Мои университеты | страница 5
В каждой секции барака висели «Обязанности и права заключенных» — страшный документ за подписью министра внутренних дел СССР Л. П. Берии. Сохранился ли у кого экземпляр этой зловещей бумаги? А мне начальник КВЧ регулярно вручал очередной ГУЛАГовский набор предупреждении, назиданий, призывов, которые я писал крупно железным суриком на всех четырех стенах над верхними нарами каждой секции. «Только честным трудом завоюешь право на досрочное освобождение» — это было еще одно глумление, так как зачетов (когда, скажем, за полтора года лагерей засчитывалось два, как, например, на Колыме уголовникам с не очень большими сроками) в наших уральских лагерях не было вовсе.
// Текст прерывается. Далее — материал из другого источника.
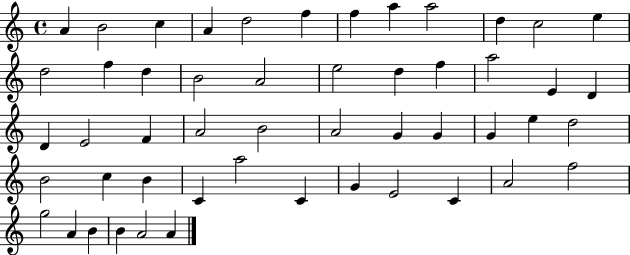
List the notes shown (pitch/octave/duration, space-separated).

A4/q B4/h C5/q A4/q D5/h F5/q F5/q A5/q A5/h D5/q C5/h E5/q D5/h F5/q D5/q B4/h A4/h E5/h D5/q F5/q A5/h E4/q D4/q D4/q E4/h F4/q A4/h B4/h A4/h G4/q G4/q G4/q E5/q D5/h B4/h C5/q B4/q C4/q A5/h C4/q G4/q E4/h C4/q A4/h F5/h G5/h A4/q B4/q B4/q A4/h A4/q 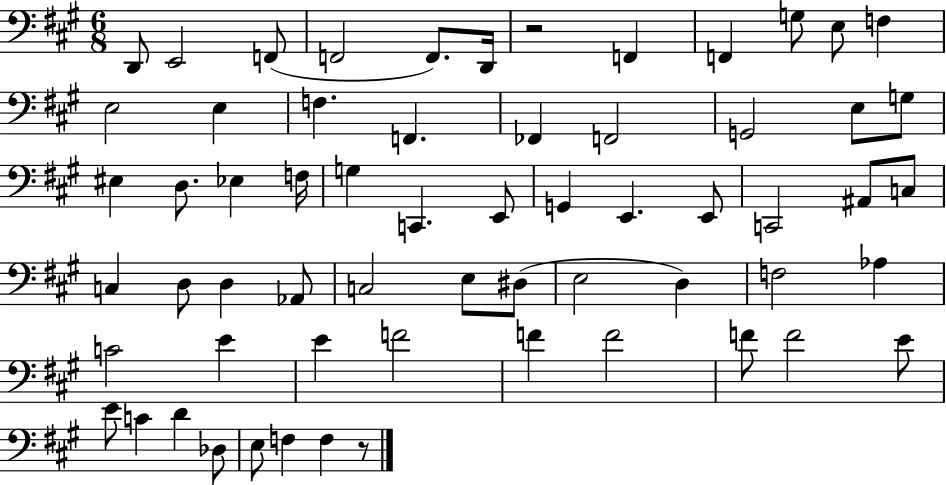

Незабвенную Страну моей лагерной юности — Южный Урал — я до сих пор объезжаю как можно дальше. Край скалистых романтичных гор и светлых бездонных озер хранит в своих недрах не только золото, медные руды и дорогие камни. Тысячи, десятки тысяч нашего брата зэ-ка — рабочих и колхозников, партийных и беспартийных (ворье и бандиты выживали, оберегаемые охраной от тяжких работ и отбирая наши пайки), мужчин и женщин, учителей и студентов, фронтовиков-инвалидов и бывших пленных с татуированным номером на руке, стариков и почти детей — все без разбора с проломленными черепами (убежден: через десятилетня горняки и археологи подтвердят это вещественно) покоятся — нет, не покоятся, взывают! — в старых шахтах и человеко-могильниках огромного лагерного архипелага седого Урала. В тех горных краях лагерь от лагеря был почти в пределах видимости. За 6 лет я сменил три таких «острова».
Пишу лозунги в секции (комнате) жилого барака. Наши 4 местные нары; х/б 3>го срока. Карабаш, 1950.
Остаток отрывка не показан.